I’m leaving Europe for the summer to explore Russia, Mongolia and China.
This adventure started with a visit to a travel fair. It was also a first date with a fellow traveller, who consequently ran off to Brazil for 3 months. Readers who’ve dated travellers would understand the issues that involves. I just hope he wasn’t running away from me… But I’m digressing.
Most of the fair’s countless stalls advertised popular European destinations, India, South American countries, Thailand and so forth, and were swarmed by people. But what appealed the most to me was tucked away in the corner, already off the beaten track with a only a couple of stands and virtually no one looking around. Mongolia.

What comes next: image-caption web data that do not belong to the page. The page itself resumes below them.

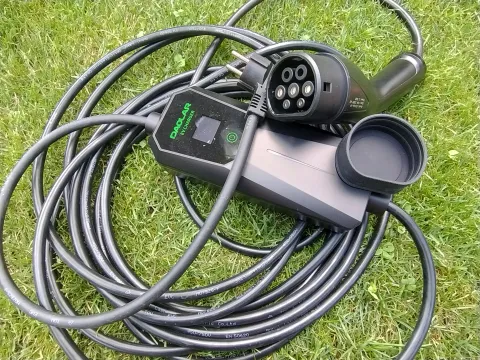 Nabíjecí kabel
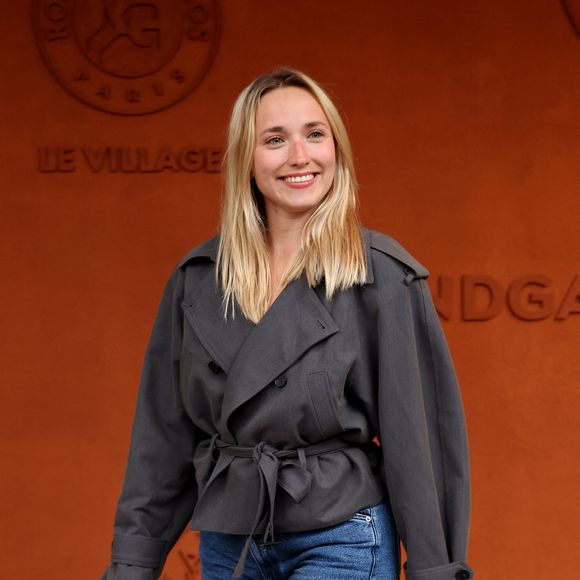 Chloé Jouannet au village lors des Internationaux de France de Tennis de Roland Garros le 3 juin 2026

Jacovides / Moreau / Bestimage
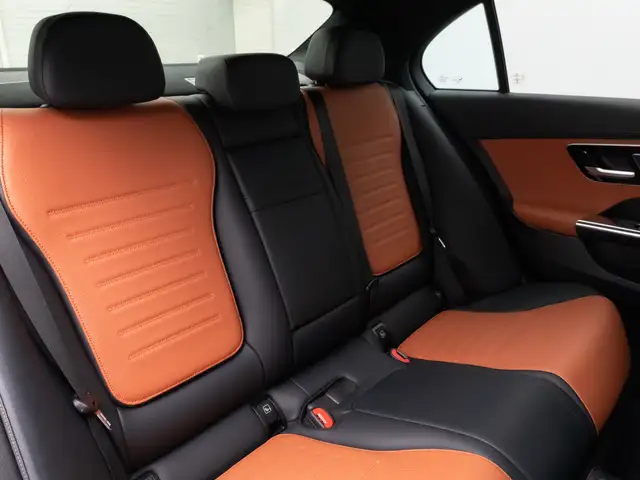 Mercedes-Benz C-Class view 27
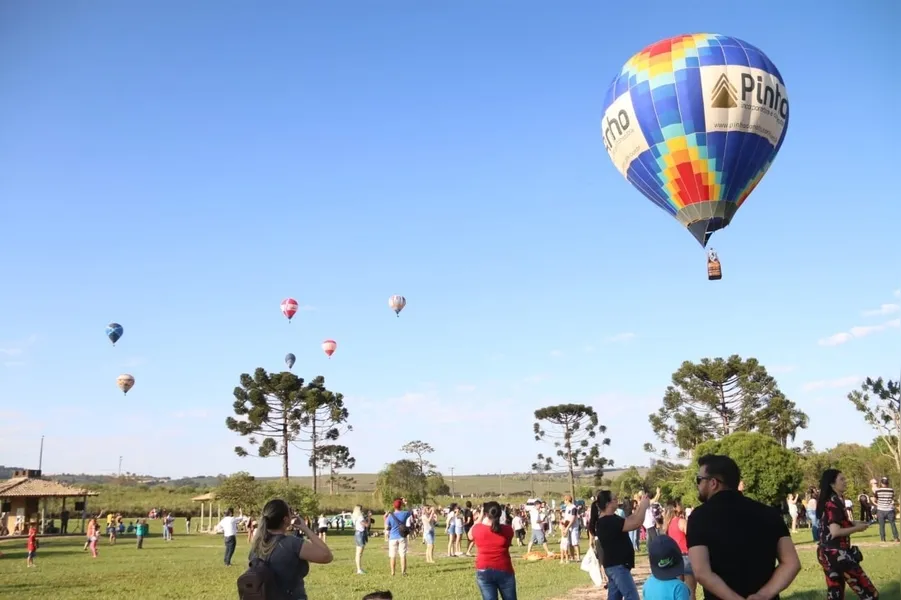 Veja como foi a revoada de balões em Vila Velha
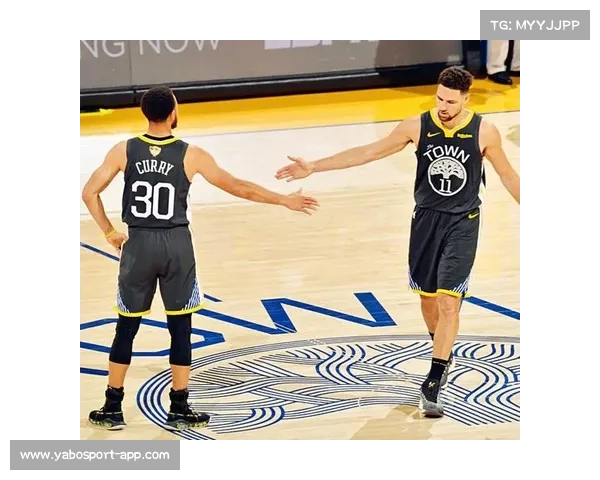 库里上演帽子戏法赛后泪洒赛场深情感谢教练倾力指导助力成长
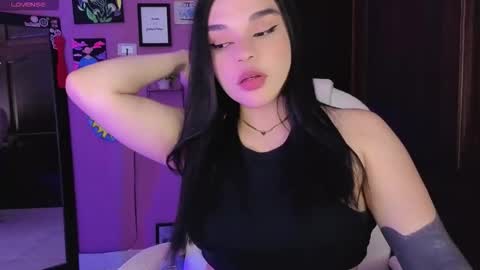 Snapshot of veronica_118 chatting on October 6, 2025, 2:20 am veronica_118 online show from October 6, 2025, 2:20 am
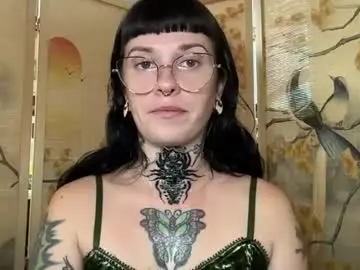 Marcelinealtaria  live sex cam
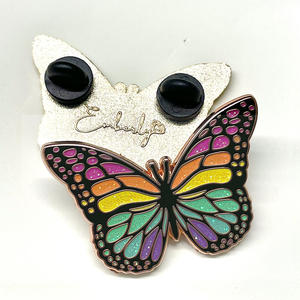 Broche d'insigne en émail dur de conception de papillon de haute qualité logo personnalisé cadeaux souvenirs d'animaux épinglette personnalisée - Product Image 3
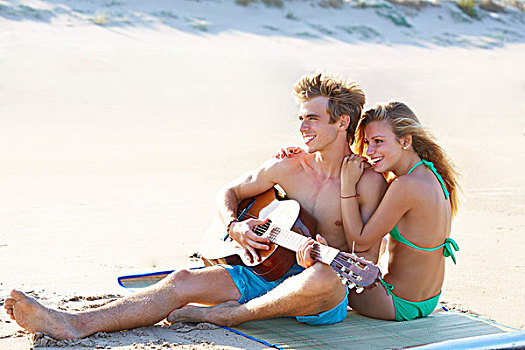金发,坐,夫妇,海滩,沙子,弹吉他,暑假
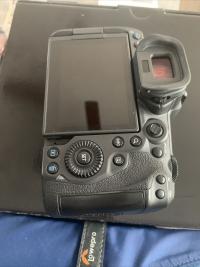 Canon EOS R5 45MP Digital Camera Black (Body Only) - 2 Batteries Lowe Back Pack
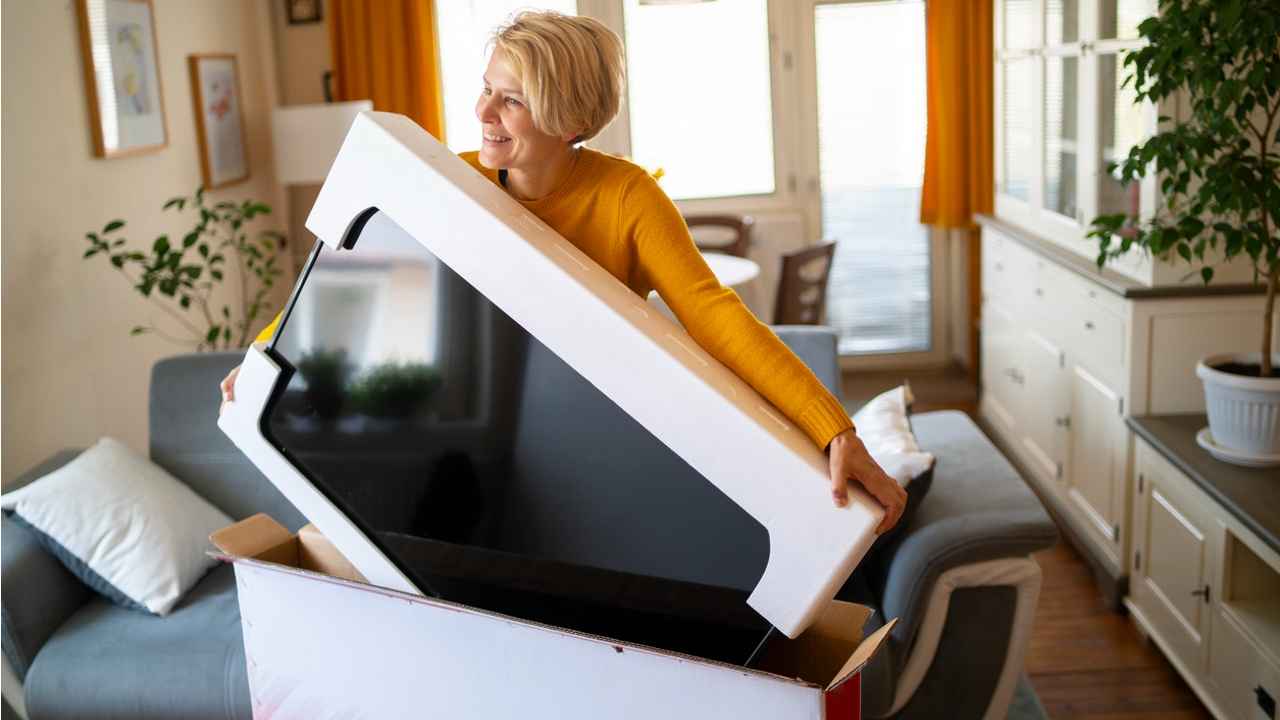 नया TV खरीदने से पहले क्रोमा पर ये TV डील्स ज़रूर देखें, बैंक ऑफर के साथ मिल रहे हैं और भी सस्ते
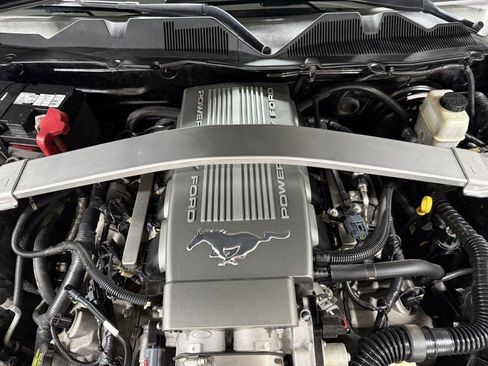 Used 2010 Ford Mustang GT RWD image 43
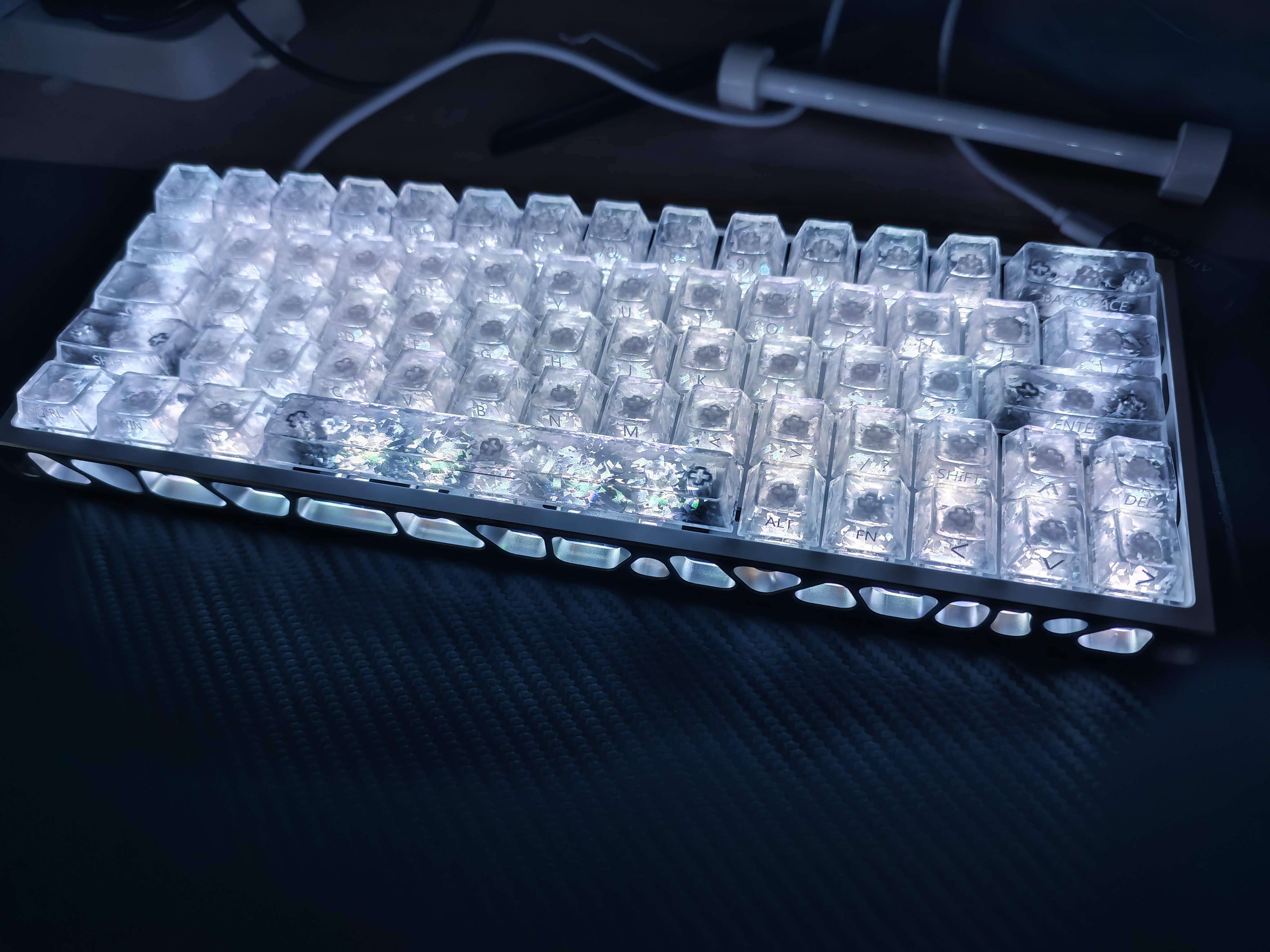 AE64 PRO-客制化PCB/兼容Gh60/EverGlide/双灯/0.001mm/480M主频评价 - 淘宝网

I must admit, I knew almost nothing about the country, its history, its culture, its political or economic situation. But photos of its exotic yurts, romantic horse-rides across endless expanses enchanted me, entered my veins and planning a trip there became my focus for the next 4 months.
I decided that if I was to go that far, I should discover Russia and China at its borders, countries which I had always been fascinated to visit. Initially I planned to do the world famous Trans-Mongolian Railway, but 2 months is little time to cover all that ground, which necessitates days and days in trains, time that I simply didn’t have. So I decided to go between many of the destinations in planes. Hours were spent researching the options, trying to find the most economical way of getting from A to B.
I read travel guides on paper and spent countless hours on the internet. Mongolia proved to be a tricky destination. There is little transport across vast distances, and with less than a month I would have little chance to see much using local buses and public transport. Doing so would waste days but would not get me into the middle of nowhere, which was the point of the trip. Moreover, reaching the reindeer peoples and eagle hunters, who fascinated me, would be virtually impossible alone.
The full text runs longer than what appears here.